==== Source data ====
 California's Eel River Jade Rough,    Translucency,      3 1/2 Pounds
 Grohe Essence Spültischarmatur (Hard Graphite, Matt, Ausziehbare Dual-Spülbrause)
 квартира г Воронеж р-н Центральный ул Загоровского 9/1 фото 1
====
==== Source data ====
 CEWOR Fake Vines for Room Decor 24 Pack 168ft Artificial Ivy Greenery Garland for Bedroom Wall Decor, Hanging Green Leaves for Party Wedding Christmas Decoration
====
### Exercise requirements
Could you set down, exactly as written, the lines above between the one holding "California's Eel River" and the one holding "квартира г Воронеж", inclusive, and nothing more?

### Exercise result
 California's Eel River Jade Rough,    Translucency,      3 1/2 Pounds
 Grohe Essence Spültischarmatur (Hard Graphite, Matt, Ausziehbare Dual-Spülbrause)
 квартира г Воронеж р-н Центральный ул Загоровского 9/1 фото 1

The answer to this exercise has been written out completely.